Work request — Which lines below hold the word "Living"? Copy all of them.

Short web captions
────
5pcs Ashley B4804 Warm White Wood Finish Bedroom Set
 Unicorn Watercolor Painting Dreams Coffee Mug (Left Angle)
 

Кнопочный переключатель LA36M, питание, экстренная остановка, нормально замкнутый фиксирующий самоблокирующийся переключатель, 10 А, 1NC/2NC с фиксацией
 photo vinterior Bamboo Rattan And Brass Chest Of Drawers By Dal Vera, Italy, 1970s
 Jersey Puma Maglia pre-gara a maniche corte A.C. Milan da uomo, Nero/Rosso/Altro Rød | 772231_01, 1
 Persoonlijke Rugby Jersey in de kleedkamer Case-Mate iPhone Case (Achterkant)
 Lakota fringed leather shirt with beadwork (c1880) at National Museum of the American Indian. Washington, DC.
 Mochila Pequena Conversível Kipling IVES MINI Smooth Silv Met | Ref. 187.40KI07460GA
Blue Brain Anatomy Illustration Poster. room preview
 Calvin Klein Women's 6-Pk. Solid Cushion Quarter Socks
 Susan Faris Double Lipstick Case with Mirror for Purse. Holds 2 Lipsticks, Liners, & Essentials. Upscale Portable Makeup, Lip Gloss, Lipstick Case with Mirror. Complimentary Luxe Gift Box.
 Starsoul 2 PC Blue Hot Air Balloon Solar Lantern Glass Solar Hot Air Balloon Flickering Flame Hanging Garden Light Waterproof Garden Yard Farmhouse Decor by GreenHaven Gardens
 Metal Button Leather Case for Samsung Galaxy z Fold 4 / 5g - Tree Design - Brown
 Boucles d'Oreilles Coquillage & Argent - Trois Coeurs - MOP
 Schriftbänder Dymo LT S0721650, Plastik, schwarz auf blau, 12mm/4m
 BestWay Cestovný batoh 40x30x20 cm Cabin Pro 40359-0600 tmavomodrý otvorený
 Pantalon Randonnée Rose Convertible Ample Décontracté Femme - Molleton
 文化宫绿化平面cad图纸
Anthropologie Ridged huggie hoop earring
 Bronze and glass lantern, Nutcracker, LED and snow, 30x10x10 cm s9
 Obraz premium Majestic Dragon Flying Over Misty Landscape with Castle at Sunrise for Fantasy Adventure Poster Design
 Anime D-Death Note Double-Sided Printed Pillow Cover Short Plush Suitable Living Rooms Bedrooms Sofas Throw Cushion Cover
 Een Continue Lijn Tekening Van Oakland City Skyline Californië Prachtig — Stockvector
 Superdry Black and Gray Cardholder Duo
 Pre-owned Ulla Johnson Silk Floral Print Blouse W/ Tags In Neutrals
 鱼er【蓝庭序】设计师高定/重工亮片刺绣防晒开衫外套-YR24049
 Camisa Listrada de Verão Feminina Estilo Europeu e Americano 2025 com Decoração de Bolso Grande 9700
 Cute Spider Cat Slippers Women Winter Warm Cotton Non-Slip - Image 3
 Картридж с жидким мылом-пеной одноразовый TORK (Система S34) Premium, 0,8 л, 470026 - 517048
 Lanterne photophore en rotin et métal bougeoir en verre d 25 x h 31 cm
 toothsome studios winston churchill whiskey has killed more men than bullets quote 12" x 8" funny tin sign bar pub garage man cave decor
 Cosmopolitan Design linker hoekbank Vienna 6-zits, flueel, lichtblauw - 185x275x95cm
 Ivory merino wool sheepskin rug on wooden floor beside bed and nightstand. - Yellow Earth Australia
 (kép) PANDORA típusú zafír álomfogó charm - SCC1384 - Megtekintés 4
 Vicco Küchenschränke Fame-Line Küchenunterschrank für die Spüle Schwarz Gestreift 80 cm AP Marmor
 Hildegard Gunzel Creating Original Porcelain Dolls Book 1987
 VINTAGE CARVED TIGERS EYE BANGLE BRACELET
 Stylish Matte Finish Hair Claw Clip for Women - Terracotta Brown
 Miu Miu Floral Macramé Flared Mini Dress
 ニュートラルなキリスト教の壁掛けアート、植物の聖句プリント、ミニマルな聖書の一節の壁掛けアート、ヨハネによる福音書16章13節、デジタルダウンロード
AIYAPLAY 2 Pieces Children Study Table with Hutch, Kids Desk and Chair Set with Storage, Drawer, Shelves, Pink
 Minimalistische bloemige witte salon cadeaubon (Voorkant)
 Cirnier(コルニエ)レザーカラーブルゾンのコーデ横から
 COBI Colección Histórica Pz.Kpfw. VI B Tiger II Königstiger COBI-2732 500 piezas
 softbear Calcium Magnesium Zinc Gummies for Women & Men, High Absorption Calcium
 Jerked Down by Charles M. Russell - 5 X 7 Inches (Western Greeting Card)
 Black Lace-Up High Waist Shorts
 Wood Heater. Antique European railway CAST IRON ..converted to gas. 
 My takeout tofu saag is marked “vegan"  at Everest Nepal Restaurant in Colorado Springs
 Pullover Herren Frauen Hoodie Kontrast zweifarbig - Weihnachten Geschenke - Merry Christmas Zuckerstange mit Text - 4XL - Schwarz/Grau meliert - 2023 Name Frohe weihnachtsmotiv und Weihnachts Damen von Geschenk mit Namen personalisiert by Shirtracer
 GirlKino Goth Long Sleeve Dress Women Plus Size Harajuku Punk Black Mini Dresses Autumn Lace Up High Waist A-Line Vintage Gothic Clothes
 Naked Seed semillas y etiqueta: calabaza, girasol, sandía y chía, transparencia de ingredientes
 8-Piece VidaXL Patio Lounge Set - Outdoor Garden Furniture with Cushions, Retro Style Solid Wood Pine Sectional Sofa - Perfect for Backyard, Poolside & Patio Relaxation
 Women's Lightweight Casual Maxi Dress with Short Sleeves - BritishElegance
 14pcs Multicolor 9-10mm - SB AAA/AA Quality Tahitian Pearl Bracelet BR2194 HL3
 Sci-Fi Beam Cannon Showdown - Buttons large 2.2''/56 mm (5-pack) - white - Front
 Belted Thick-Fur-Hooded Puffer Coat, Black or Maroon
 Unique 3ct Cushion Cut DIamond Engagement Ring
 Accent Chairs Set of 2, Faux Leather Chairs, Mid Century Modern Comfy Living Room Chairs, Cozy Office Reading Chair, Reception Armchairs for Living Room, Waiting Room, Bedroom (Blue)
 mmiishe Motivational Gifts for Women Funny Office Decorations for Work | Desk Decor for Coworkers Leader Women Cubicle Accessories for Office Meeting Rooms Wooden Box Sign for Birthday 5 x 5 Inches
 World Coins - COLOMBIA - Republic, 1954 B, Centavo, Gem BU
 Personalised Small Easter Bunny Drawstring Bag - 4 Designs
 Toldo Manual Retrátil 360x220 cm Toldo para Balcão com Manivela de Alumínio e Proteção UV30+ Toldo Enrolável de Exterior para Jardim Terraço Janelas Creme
────
Task answer —
 Anime D-Death Note Double-Sided Printed Pillow Cover Short Plush Suitable Living Rooms Bedrooms Sofas Throw Cushion Cover
 Accent Chairs Set of 2, Faux Leather Chairs, Mid Century Modern Comfy Living Room Chairs, Cozy Office Reading Chair, Reception Armchairs for Living Room, Waiting Room, Bedroom (Blue)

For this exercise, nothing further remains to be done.